WORK TO BE COMPLETED →
For the data below, transcribe the part that opens with the line containing "leahwerner01" and closes with the line containing "Item preview, Pansexual", exactly and with no pictures.
───── THE DATA ─────
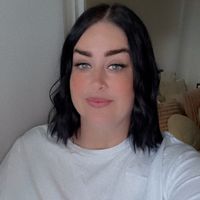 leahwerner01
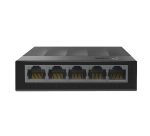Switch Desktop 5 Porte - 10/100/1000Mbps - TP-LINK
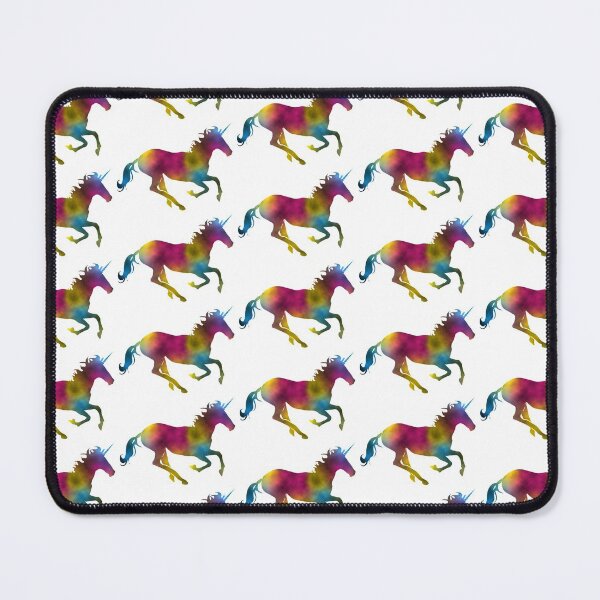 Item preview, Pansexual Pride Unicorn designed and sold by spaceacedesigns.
─────
───── THE DATA ─────
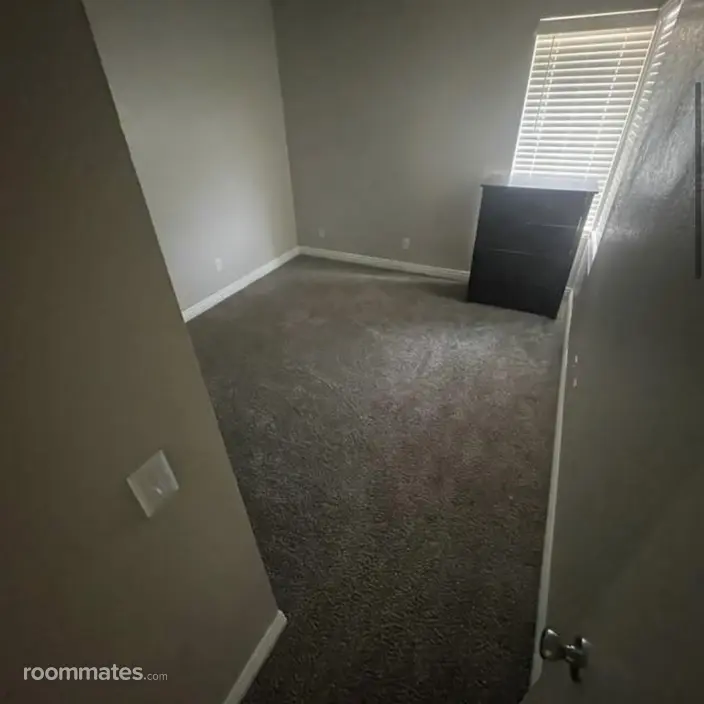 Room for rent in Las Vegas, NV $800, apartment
─────
OUTPUT OF THE TASK →
 leahwerner01
Switch Desktop 5 Porte - 10/100/1000Mbps - TP-LINK
 Item preview, Pansexual Pride Unicorn designed and sold by spaceacedesigns.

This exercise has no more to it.